Obwohl es das titelgebende Ziel des Bandes ist, die Effekte von Pferden auf mittelalterliche Gesellschaften zu untersuchen, bleibt genau dieses Anliegen erstaunlich unreflektiert, und zwar sowohl in der Einleitung wie in den meisten Beiträgen des Bandes. So ist zwar immer wieder von der „Rolle“, „Funktion“, „Symbolkraft“, „Statusmarkierung“ oder eben dem „Effekt“ von Pferden auf ihre menschliche Umgebung zu lesen, aber die Diskussion, was es für mittelalterliche Gesellschaften in Europa, Zentralasien und Nordafrika heißt, wenn Pferde sozial relevant sind, bleibt in diesem Band nur punktuell reflektiert. Gerade durch die Vielfalt der Beiträge und deren jeweilige disziplinäre oder individuelle Interessen haben sich die beiden Herausgeber:innen das Problem eingeholt, dass der letztlich noch erkennbare kleinste gemeinsame Nenner „Pferde“ und „Mittelalter“ war. Gewonnen wird damit tatsächlich ein Eindruck davon, wie vielfältig Pferde in mittelalterlichen Texten und Artefakten vertreten sind. Das ist durchaus lobenswert. Die gesellschaftliche Ubiquität belegt es jedoch nicht. Im Beitrag von Ropa, der zugleich als Konklusion fungiert, hätte eine Diskussion der Frage, wo Pferde gerade nicht auftauchen, zu einer erhellenden Gegenprobe führen können. Stattdessen werden abschließend Parallelen zwischen mittelalterlichem Rittertum und modernem Rennsport nahegelegt, wobei eine dezidiert gendergeschichtliche Perspektive auf die männliche Ritter- und die massivem Sexismus ausgesetzte weibliche Jockeyfigur hier etwas überstrapaziert wird. Eine Diskussion von Männlichkeits- und Weiblichkeitskonzepten anhand der sozialen Praxis des Reitens im jeweiligen historischen Kontext hätte hier mehr zu überzeugen vermocht.

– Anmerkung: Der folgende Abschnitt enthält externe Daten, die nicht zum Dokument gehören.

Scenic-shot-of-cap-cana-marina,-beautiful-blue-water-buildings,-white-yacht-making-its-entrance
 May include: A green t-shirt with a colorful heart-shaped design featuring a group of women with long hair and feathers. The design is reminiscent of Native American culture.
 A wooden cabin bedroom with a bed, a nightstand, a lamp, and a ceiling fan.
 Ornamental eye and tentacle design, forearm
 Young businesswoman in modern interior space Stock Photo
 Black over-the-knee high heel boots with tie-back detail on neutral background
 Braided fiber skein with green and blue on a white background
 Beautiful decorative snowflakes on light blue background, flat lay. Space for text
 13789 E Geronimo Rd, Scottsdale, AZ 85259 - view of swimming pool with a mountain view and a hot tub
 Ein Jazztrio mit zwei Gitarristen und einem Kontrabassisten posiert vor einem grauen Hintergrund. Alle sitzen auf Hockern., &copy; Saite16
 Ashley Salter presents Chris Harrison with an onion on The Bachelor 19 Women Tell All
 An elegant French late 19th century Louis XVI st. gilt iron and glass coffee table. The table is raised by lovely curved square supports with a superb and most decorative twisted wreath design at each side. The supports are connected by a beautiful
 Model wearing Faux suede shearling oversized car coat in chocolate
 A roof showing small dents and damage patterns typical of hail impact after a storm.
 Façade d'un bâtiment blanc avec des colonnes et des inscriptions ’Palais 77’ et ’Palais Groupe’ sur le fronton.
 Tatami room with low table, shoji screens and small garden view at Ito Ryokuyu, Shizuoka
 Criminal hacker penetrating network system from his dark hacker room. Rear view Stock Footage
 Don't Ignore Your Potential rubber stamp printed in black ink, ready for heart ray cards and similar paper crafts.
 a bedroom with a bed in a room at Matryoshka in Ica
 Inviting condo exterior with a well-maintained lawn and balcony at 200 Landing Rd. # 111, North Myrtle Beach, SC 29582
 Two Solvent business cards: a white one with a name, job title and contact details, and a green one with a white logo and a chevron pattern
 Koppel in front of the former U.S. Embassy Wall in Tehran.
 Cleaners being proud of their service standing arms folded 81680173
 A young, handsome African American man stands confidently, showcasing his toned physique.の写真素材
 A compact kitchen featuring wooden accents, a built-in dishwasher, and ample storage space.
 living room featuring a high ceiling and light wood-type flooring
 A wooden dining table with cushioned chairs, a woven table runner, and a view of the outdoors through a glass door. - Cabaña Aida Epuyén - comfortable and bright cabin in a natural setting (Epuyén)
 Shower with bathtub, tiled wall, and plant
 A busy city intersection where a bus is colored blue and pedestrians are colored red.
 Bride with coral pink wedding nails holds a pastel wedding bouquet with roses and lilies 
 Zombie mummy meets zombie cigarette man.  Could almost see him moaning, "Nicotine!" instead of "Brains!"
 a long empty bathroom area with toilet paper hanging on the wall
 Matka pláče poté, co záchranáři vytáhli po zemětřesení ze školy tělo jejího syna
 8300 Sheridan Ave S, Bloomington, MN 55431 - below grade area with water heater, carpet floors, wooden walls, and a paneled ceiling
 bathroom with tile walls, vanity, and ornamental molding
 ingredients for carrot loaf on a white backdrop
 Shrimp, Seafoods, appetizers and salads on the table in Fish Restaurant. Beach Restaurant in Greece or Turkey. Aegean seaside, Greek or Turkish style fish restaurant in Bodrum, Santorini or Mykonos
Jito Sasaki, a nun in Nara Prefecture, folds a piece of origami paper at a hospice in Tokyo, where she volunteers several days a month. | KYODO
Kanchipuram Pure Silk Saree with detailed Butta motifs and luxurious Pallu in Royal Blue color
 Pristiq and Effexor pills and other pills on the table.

Somit ist die Aussage des Bandes – überspitzt formuliert –, dass Pferde nicht nur überall waren, sondern noch ein bisschen „überaller“ und weit über Europa hinaus. Nimmt man als Leser:in das Anliegen des Sammelbandes ernst, dann erstaunt es doch sehr, dass eine sozialhistorische Perspektive genau nicht eingebracht wurde. Selbstverständlich soll dies den Herausgeber:innen, die aus einer Panelserie heraus einen Sammelband produzieren wollten, nicht zu sehr zur Last gelegt werden. Sammelbandbeiträger:innen zu einer Bearbeitung eines spezifischen Anliegens anzuhalten ist eine Aufgabe, an der Herausgeber:innen immer wieder scheitern. Vielleicht hätte es aber der Sache der Echoing Hooves mehr gedient, wenn einerseits die Heterogenität der vorgestellten Ansätze, Erkenntnisinteressen und disziplinären Bedingungen offensiver in Rechnung gestellt worden wäre und andererseits eine konsequentere Historisierung der jeweiligen Fallbeispiele ans Herz gelegt worden wäre. Die Epochenklammer „Mittelalter“ erscheint dadurch eher institutionell-organisatorisch bedingt als konkret auf mittelalterliche Gesellschaften hin problematisiert. Vielleicht führte auch dies dazu, dass der Versuchung – die in so einigen der Beiträge Oberhand gewonnen hat – kaum widerstanden werden konnte, zu pauschale Aussagen über „Pferde im Mittelalter“ zu machen, mittelalterliches mit heutigem Reiten zu analogisieren oder kaum zu reflektieren, dass mittelalterliche „Pferde“ als Tierart, Typen, Rassen und Individuen genauso entfernt von heutigen Pferden sind wie wir. Besonders in Bezug auf Pferdetypen und die sich im späten Mittelalter abzeichnende Konzeptualisierung von Pferderassen wäre es mehr als angezeigt, die historischen Bedingungen herauszuarbeiten. Wo Menschen über Pferde schreiben, können wir einiges über deren Beziehung zueinander lesen, aber neuere Einsichten verspricht sich eine Tiergeschichte dort, wo Tiere ihre Körperlichkeit, ihre emotionale und kognitive Eigenart und schlicht ihr Wesen in und zwischen den Zeilen hinterlassen haben. Tiergeschichte kann da überzeugen, wo sie konsequent historisiert und reflektiert, ob und wie historisch spezifisch Mensch-Tier-Beziehungen gesellschaftlich konstitutiv sind.

Anmerkung:
1 Jeffrey J. Cohen, Medieval Identity Machines, Minneapolis 2003; Susan Crane, Chivalry and the Pre/Postmodern, in: Postmedieval. A Journal of Medieval Cultural Studies 2 (2011), S. 69–87.